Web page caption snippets
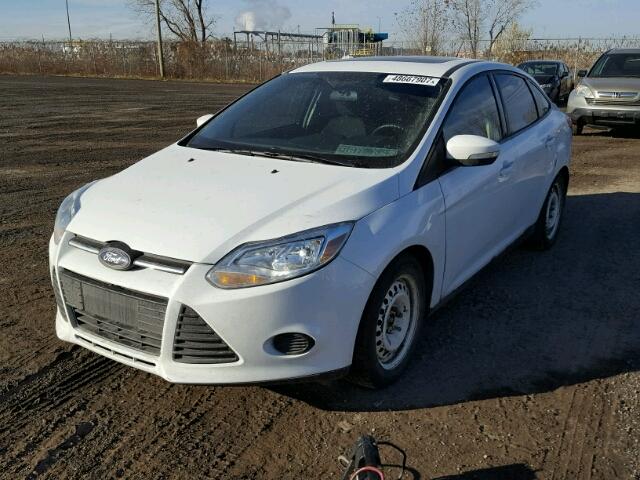 1FADP3F21EL273502 - 2014 FORD FOCUS SE WHITE photo 2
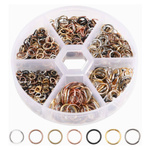 Zestaw Kreatywnych Pierścieni do Tworzenia Biżuterii - Mix Kolorów w Praktycznym Organizerze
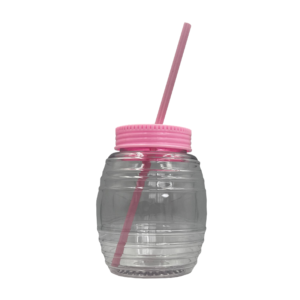 Barrilito popote - rosa pastel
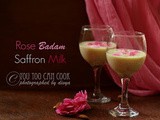 Rose Kungumapoo Paal | Drink For Pregnant Women | Saffron Almond Rose Milk | Kungumapoo Badam Paal | Paneer Roja Paal | Rose Petals Milk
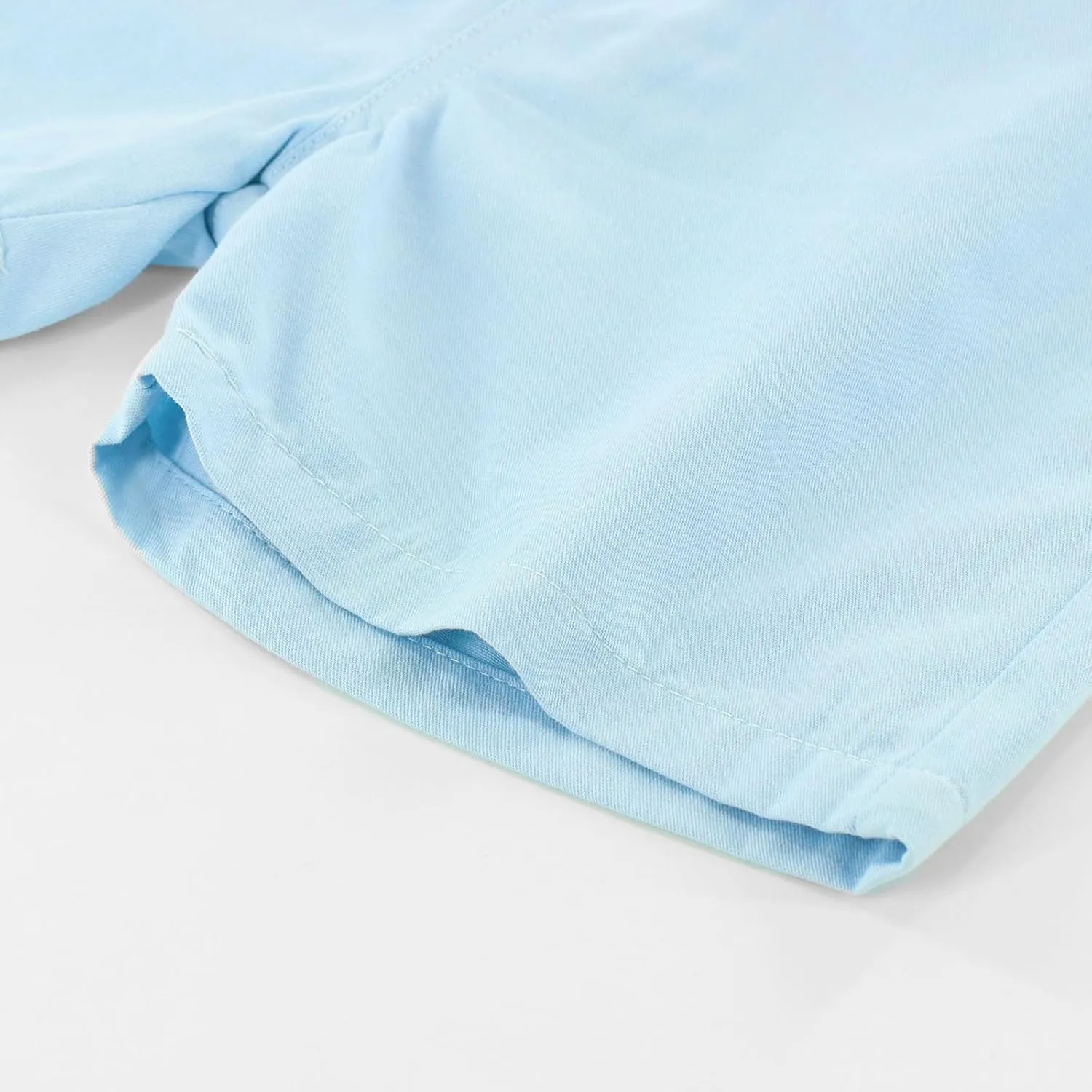 Toddler Boys Shorts Cotton Shorts with Drawstring Casual Elastic Waist Shorts for Boys or Girls 2-7 Years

**Task item:**
In the data above, take the line with "Zestaw Kreatywnych Pierścieni", the line with "Rose Kungumapoo Paal", and every line between, and set them down exactly without pictures.

**Answer for this exercise:**
 Zestaw Kreatywnych Pierścieni do Tworzenia Biżuterii - Mix Kolorów w Praktycznym Organizerze
 Barrilito popote - rosa pastel
 Rose Kungumapoo Paal | Drink For Pregnant Women | Saffron Almond Rose Milk | Kungumapoo Badam Paal | Paneer Roja Paal | Rose Petals Milk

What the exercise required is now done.